Asking for Help
January 9, 2012
My 17-month old grandson, Austin, is learning a few words, and his mother (my daughter Laura) is also teaching him some sign language. It is amazing how many words and gestures he is learning. He knows how to signal that he wants to eat (by making an eating gesture), and he knows how to spread his arms and say something that sounds like “All done.” He has even learned how to say, “Abu” which is Spanish for “gramps” or “granddad.” He learned that from his sister Brianna who lives in Puerto Rico with her mother, and she calls me “Abu.” So now little Austin calls me “Abu.” It is so cute!
Most cute of all, Austin has learned the sign language gesture for “help” (folded hands in front of himself with an up and down gesture), and he also verbally says, “Help.” Rather than fuss or throw a tantrum when he can’t do something, he very politely makes that gesture and says “Help.”
I wonder: why is it that so many of us who call ourselves Christians are reluctant to ask for help? Why do we try to live by the great American myth of the “self-made man” or self-made woman? Why do we think we must go it alone, rather than turning to God and to other Christians and asking for help? It is said that the only two real prayers are the prayer “Thank You, God” and the prayer “Help me, Lord.” Everything else we might pray is really just fluff or human pretense.
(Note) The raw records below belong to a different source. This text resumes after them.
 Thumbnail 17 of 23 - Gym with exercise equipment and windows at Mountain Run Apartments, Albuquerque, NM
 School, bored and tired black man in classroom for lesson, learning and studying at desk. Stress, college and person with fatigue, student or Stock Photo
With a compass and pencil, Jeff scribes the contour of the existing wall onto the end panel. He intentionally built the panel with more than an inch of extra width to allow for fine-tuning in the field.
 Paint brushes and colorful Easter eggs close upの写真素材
Jesus teaches us to “ask, seek, and knock” with the full trust that God will respond. Will God’s response always be exactly what we ask for? Of course not! We don’t always know what we really need, any more than my toddler grandson can know what he really needs. But we are told to ask, to seek, to knock – with the assurance God will respond. If we human parents (and grandparents) will respond to the request for “Help” from a small child, how much more will God respond to our “Help” prayers?
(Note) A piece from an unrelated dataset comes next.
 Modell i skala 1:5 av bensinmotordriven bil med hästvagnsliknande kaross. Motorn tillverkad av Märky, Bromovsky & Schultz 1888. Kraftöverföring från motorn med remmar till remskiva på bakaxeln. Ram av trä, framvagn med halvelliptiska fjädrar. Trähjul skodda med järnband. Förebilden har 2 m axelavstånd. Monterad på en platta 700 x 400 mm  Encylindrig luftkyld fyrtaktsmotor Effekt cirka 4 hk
I can only conclude that my unwillingness to ask God for help is based upon the most basic of all human sin – pride. I want to believe that I can do it on my own. I want to think that I am self-sufficient. Sometimes I even try to do ministry on my own power and strength.
But the teachings of Jesus, and the model of little Austin, say otherwise. It is OK to ask for help. It is a powerful experience of faith to admit that I am in need of God’s grace, love, forgiveness, and guidance.
So, ask for help. And be prepared to keep on asking. Jesus also teaches about persistence, not to imply that God reluctantly answer our prayers, but because – as one great Quaker teacher has said -- “A season of prayer changes us.” It is not that our persistent asking changes God or makes God more likely to respond, rather it is that our persistent prayers change us – often deepening our dependence upon God, sometimes revealing to us our true needs, and typically discovering that God provides what we really need and not just what we think we want.
It all starts with asking, asking for help. It is one of the most basic prayers for a Christian.